Memahami Kecerdasan Buatan

Kecerdasan Buatan atau disingkat AI, mungkin terdengar seperti bidang yang sangat baru yang baru muncul beberapa tahun lalu. Tetapi sebenarnya, asal-usulnya berasal dari pertengahan abad ke-20. Salah satu yang disebut sebagai bapak AI adalah Alan Turing, yang pada tahun 1950an mengajukan salah satu pertanyaan awal yang terkait dengan bidang ini: “Bisakah Mesin Berpikir?”
Apa itu AI?
Tak lama setelah pertanyaan Turing, AI lahir sebagai disiplin ilmiah baru. Visi untuk AI, pada saat itu -atau komputer pintar dengan kata lain- agak idealis dan ambisius, dan Alan Turing sendiri menyatakan bahwa sebuah komputer layak disebut pintar jika dapat menipu manusia dengan berpura-pura sebagai manusia.

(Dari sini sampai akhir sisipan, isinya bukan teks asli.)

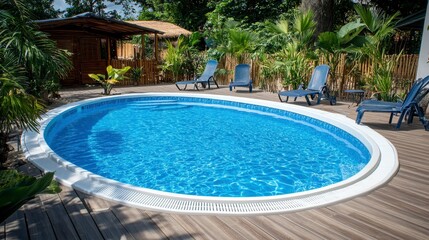 Round Above Ground Pool in Lush Tropical Garden Setting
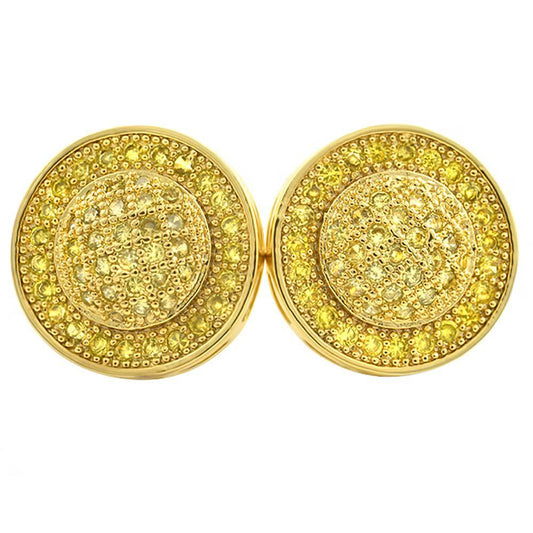 Lemonade Domed Circle M Micro Pave Bling Earrings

Baru-baru ini, tidak hanya terjadi kemajuan besar dalam bidang ini, tetapi juga batas-batasnya saat ini. Salah satu batasan seperti yang dinyatakan oleh Stuart Russell adalah kurangnya kesadaran mirip manusia. Juga dikatakan bahwa kecerdasan mesin (cara lain untuk menggambarkan AI) adalah penemuan terakhir yang akan pernah dibutuhkan oleh umat manusia. Tetapi, dari mana asal AI?
Hal pertama yang utama: Ilmu Komputer
AI berasal sebagai cabang pengetahuan baru dalam ilmu komputer, yang merupakan kumpulan pengetahuan teknis yang diperlukan untuk memproses informasi secara otomatis oleh komputer.
Sama seperti pohon besar dengan banyak cabang, Ilmu Komputer adalah disiplin payung yang terdiri dari banyak subarea, beberapa di antaranya adalah: arsitektur perangkat keras komputer, bahasa pemrograman, sistem operasi, algoritma, struktur data, kecerdasan buatan, dan lain-lain.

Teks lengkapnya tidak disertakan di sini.